When it comes to landing pages, the numbers are skewed. Landing pages do a staggeringly effective job at converting site visitors into paying customers. But directing customers to standalone landing pages is an underused tactic.
We've touched on this concept before: when the numbers don't add up, it means there's an opportunity for businesses. Even though landing pages are slowly becoming the standard, implementing them now will still give you a significant edge over at least a few of your competitors. Leveling up your landing pages can improve your conversion rate, which impacts your bottom line. And the best part? You can do it without increasing the number of visitors to your site.
To give businesses an idea of how much of a difference landing pages can make, we found some stats highlighting Why You Need To Level Up Your Landing Pages.
Since you're looking for information on landing pages, you've probably heard using a homepage as a landing page is a bad idea. Unfortunately, most businesses take this to mean they can create one landing page – a home landing page – as a catchall for every campaign they're running. In fact, 52% of marketers (for shame!) don't even create a new landing page for different marketing campaigns.
In the same way, it's suboptimal to send every single site visitor to your homepage, it's a mistake to send email subscribers, social media followers and PPC traffic to the same landing page. Each of these channels has unique methods for getting visitors to click through, and different promises and goals once they do – so why would you send them to the same generic page?
Create unique landing pages for each stream
Start embracing the power of landing pages by creating specific pages for each of your various traffic streams. It won't be long before you experience more success and higher conversion rates!
The maxim "less is more" applies to many things – landing pages included. However, the fact that 48% of landing pages contain multiple offers suggests the majority of businesses haven't yet made the connection. The temptation to cram more than one offer onto the page you know visitors land is strong – but don't do it. Customers don't want to be confused or oversold and offering something other than exactly what they're expecting actually does both. Craft strong, confident offers and trust your landing pages to do their work! Oh and don't forget to include a call to action as a single call-to-action button can increase conversions by 62%.
If you have a couple of landing pages and aren't getting the results you want, don't give up quite yet. As we've discussed, the more you connect the messaging of your landing page to the arriving audience (and the channel they used) the better results you'll get.

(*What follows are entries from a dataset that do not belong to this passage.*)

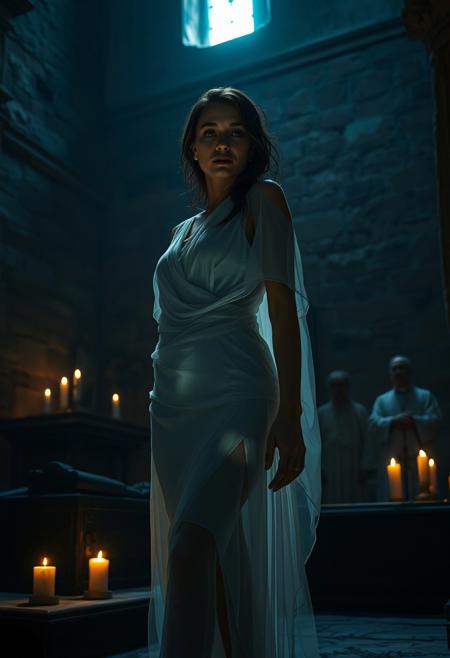 An ethereal ghostly woman of striking beauty stands in an ancient Roman church at night, her translucent form faintly illuminated by soft ghostly light. She is draped in delicate, flowing Roman-style robes that reveal the curves of her graceful body. Her face is both beautiful and sensual, with a touch of melancholy. Her body is also translucent, revealing that she isn't entirely present in this world. The church is dimly lit by a few flickering candles, casting shadows across the ancient stone walls. Next to her is the crypt of a knight, her lost love. In the distance, a priest watches in awe, barely illuminated by the ghost’s luminescence. The scene captures the eerie beauty of love and loss in a haunting, serene atmosphere. Roman Clothing, etherial, translucent, church crypt, light reflecting from priest's glasses and the cross around his neck,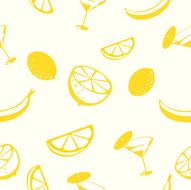 Lemon and banana drink seamless pattern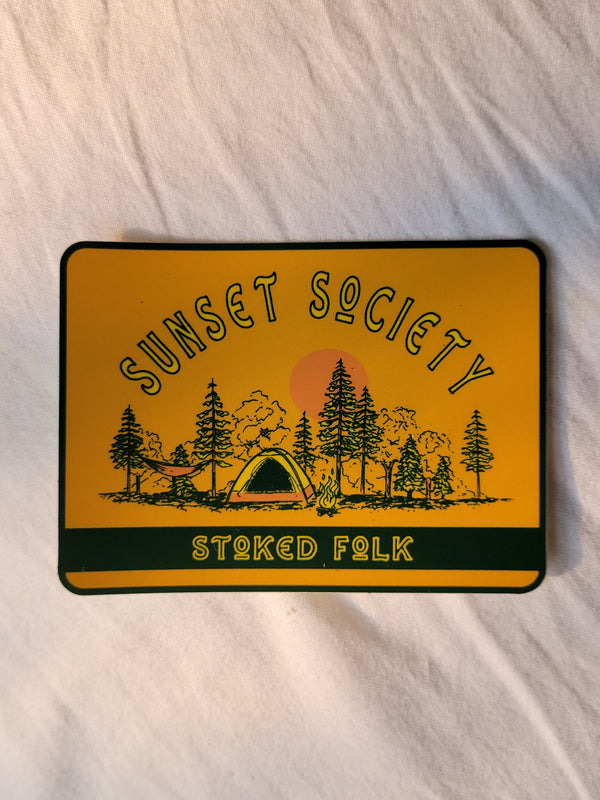 Stoked Folk Campfire | Mustard | Vinyl Sticker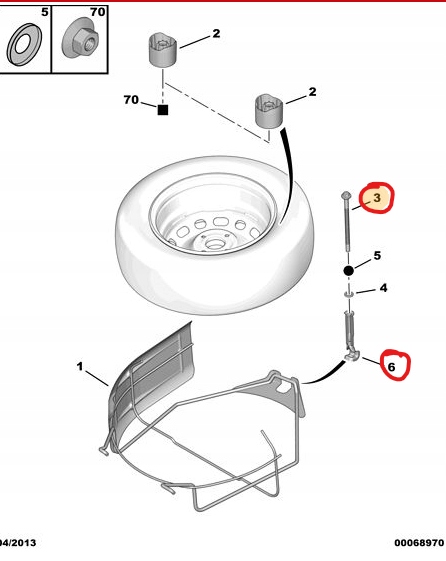 фото №2, Зачіп гвинт лебідка колеса запасного berlingo 08-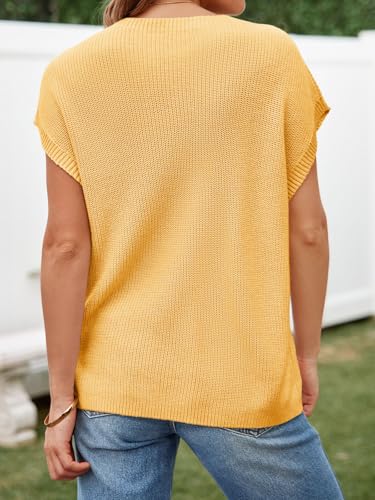 Summer Short Sleeve Sweater for Women 2025 Crew Neck Ribbed Knit Vests Trendy Pullover Tops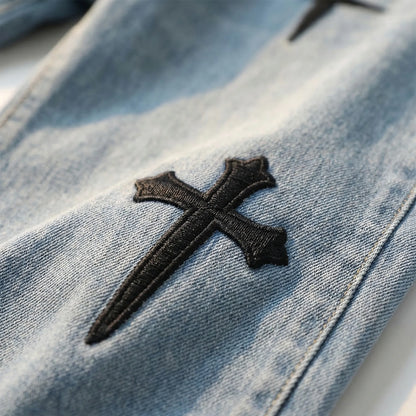 Stredge - Baggy Wide-Leg Cargo Denim Trousers  Casual Everyday Wear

If this means creating more landing pages – even different ones for segments of the same audience group – then do it (the stats have your back).
if all else fails, try adding some short explainer videos to your landing pages. Using videos on landing pages can increase conversions by 86% – anything capable of producing results that good is worth a shot!
One of the biggest factors that stunt the success of marketing campaigns is not testing vital components like landing pages! The fact is landing pages are where the magic has to happen, so you absolutely need to be sure that every aspect of the page is contributing to conversion! You've spent the money and dedicated time to funneling visitors to a certain page with an exact message – but then you don't test to make sure the headline or call-to-action button isn't confusing customers?
61% of customers do less than five tests per month on their landing pages; excuse me for saying it again but – this is an opportunity! Test your landing pages components, tweak based on your findings and enjoy the increased conversions with just a little bit of extra work.
Last but not least, we come to a pretty straightforward fix for an all-too-common landing page mistake: too many form fields. Yes, we live in the Information Age, which means every little detail you can pull from your potential customers can be used to your advantage. But you know what? One or two pieces of information are a lot better than zero, which is what you'll get if you present customers with a 15-field form!
The proof is in the pudding: a company found that reducing the number of form fields to 10 or under increases conversions by 120%. I'll go a step further and suggest you keep the number of form fields to less than 5 as I'm a firm believer in keeping things as simple as possible.